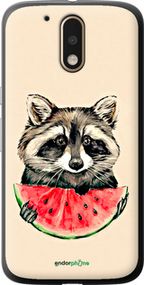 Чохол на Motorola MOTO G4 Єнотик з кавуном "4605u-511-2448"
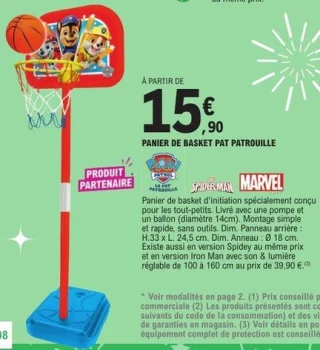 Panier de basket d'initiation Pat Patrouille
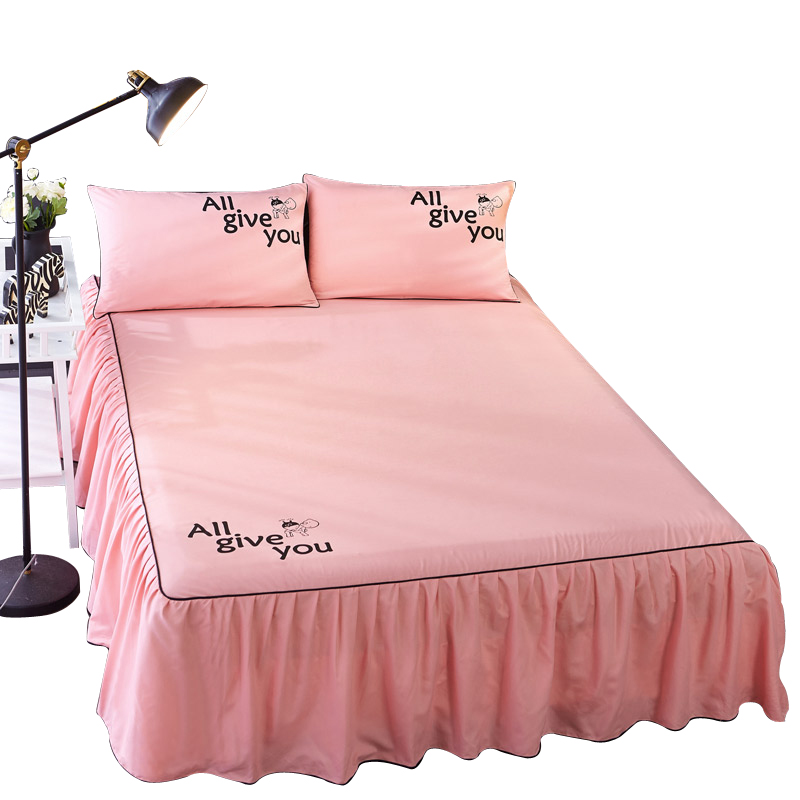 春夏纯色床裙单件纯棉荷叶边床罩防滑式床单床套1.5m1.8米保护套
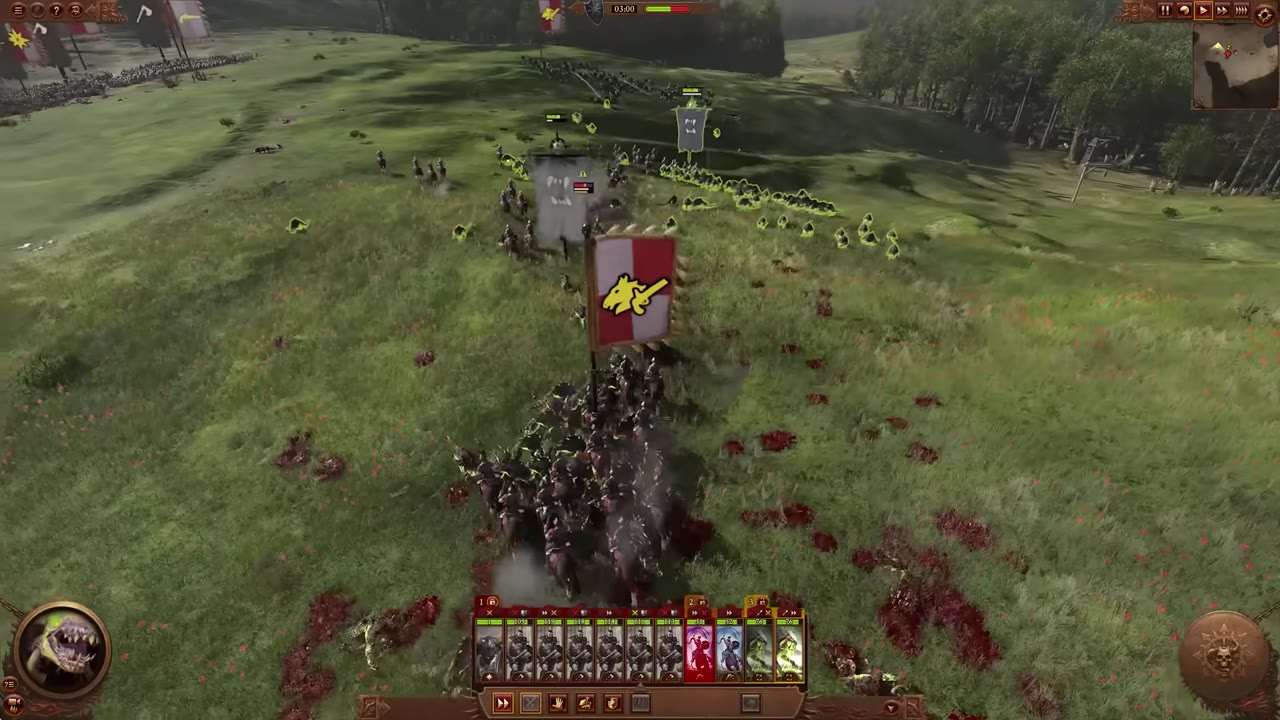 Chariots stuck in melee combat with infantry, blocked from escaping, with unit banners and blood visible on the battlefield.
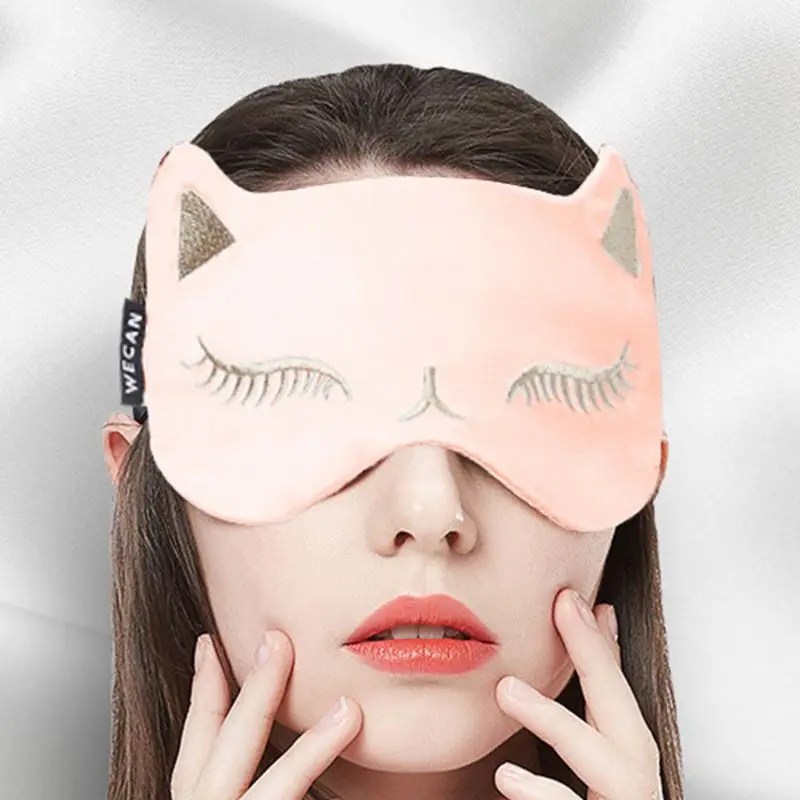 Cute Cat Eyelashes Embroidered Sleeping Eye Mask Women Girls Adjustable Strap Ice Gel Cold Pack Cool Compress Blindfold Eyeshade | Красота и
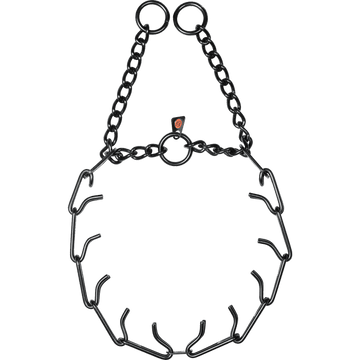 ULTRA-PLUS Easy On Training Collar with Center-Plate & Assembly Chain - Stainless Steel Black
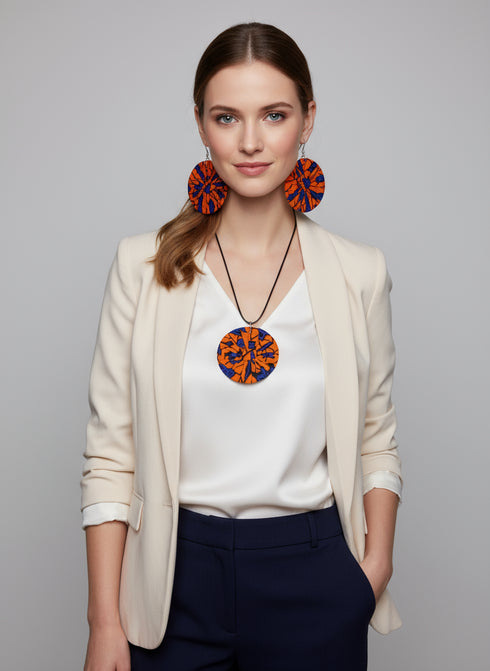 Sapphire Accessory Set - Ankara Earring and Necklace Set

--

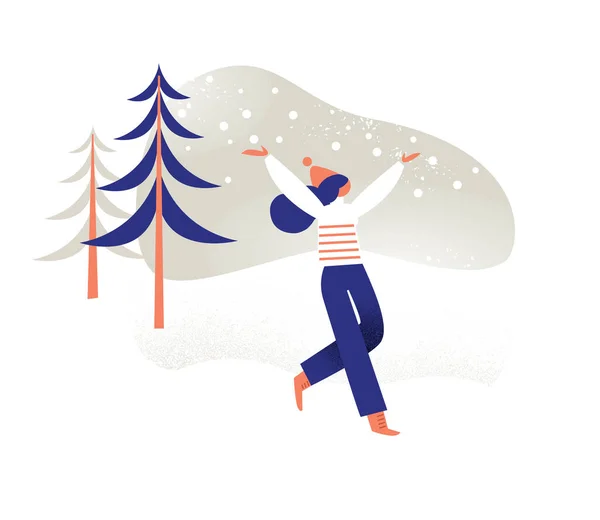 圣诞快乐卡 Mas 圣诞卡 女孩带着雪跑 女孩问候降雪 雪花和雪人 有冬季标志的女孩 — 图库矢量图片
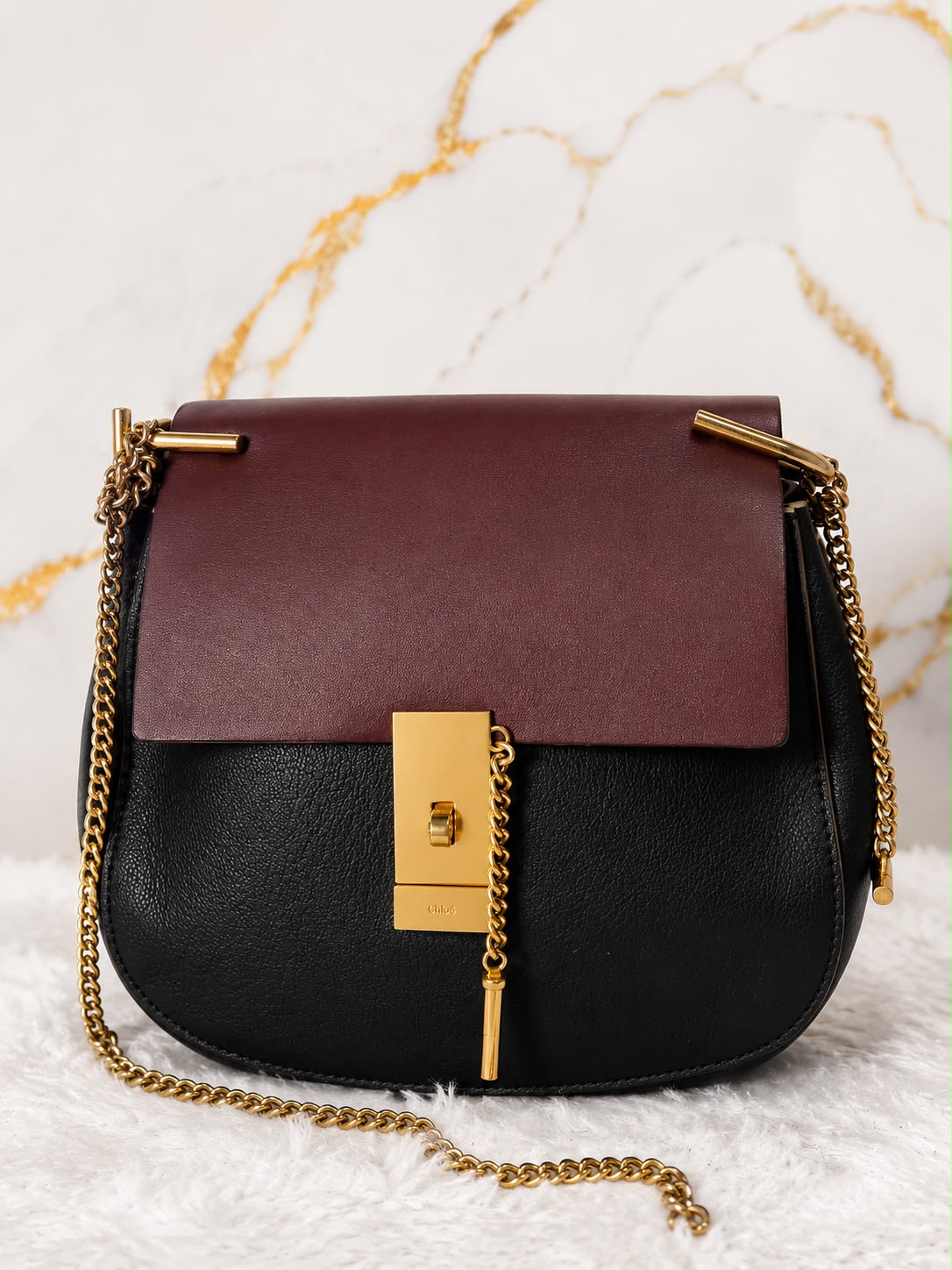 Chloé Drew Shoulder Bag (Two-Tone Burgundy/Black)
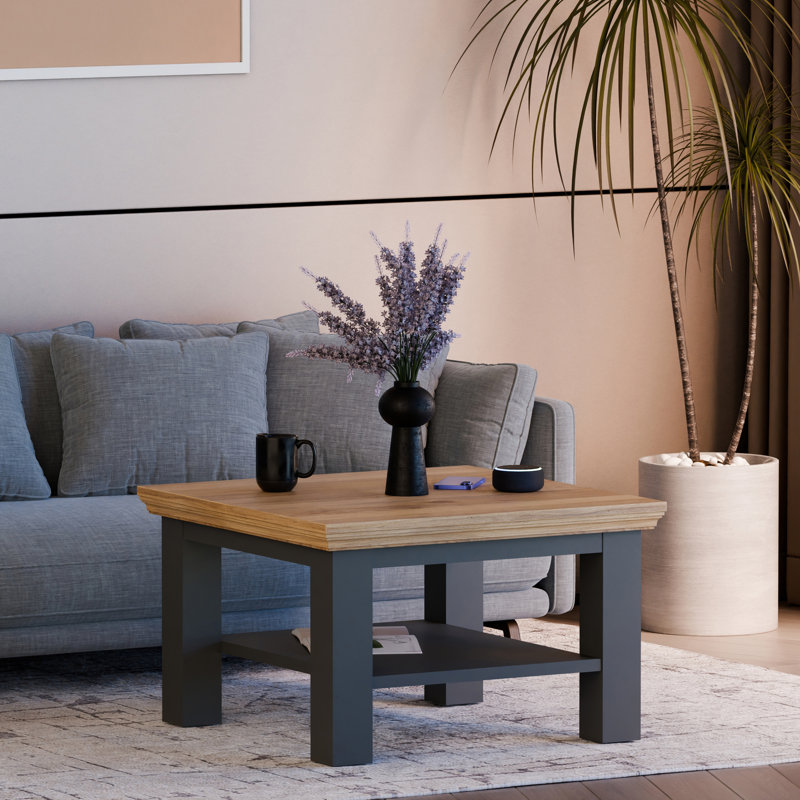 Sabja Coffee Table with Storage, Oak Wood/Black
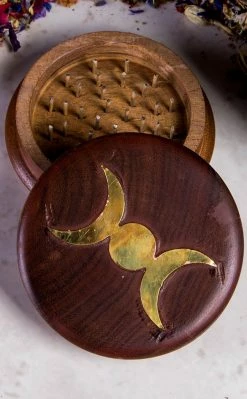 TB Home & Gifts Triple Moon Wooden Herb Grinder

• [Task to complete]: Exactly the lines above from the one that contains "Чохол на Motorola" down to the one that contains "Sapphire Accessory Set" are to be output, both ends kept and pictures omitted.

• [Exercise response]:
 Чохол на Motorola MOTO G4 Єнотик з кавуном "4605u-511-2448"
 Panier de basket d'initiation Pat Patrouille
 春夏纯色床裙单件纯棉荷叶边床罩防滑式床单床套1.5m1.8米保护套
 Chariots stuck in melee combat with infantry, blocked from escaping, with unit banners and blood visible on the battlefield.
 Cute Cat Eyelashes Embroidered Sleeping Eye Mask Women Girls Adjustable Strap Ice Gel Cold Pack Cool Compress Blindfold Eyeshade | Красота и
 ULTRA-PLUS Easy On Training Collar with Center-Plate & Assembly Chain - Stainless Steel Black
 Sapphire Accessory Set - Ankara Earring and Necklace Set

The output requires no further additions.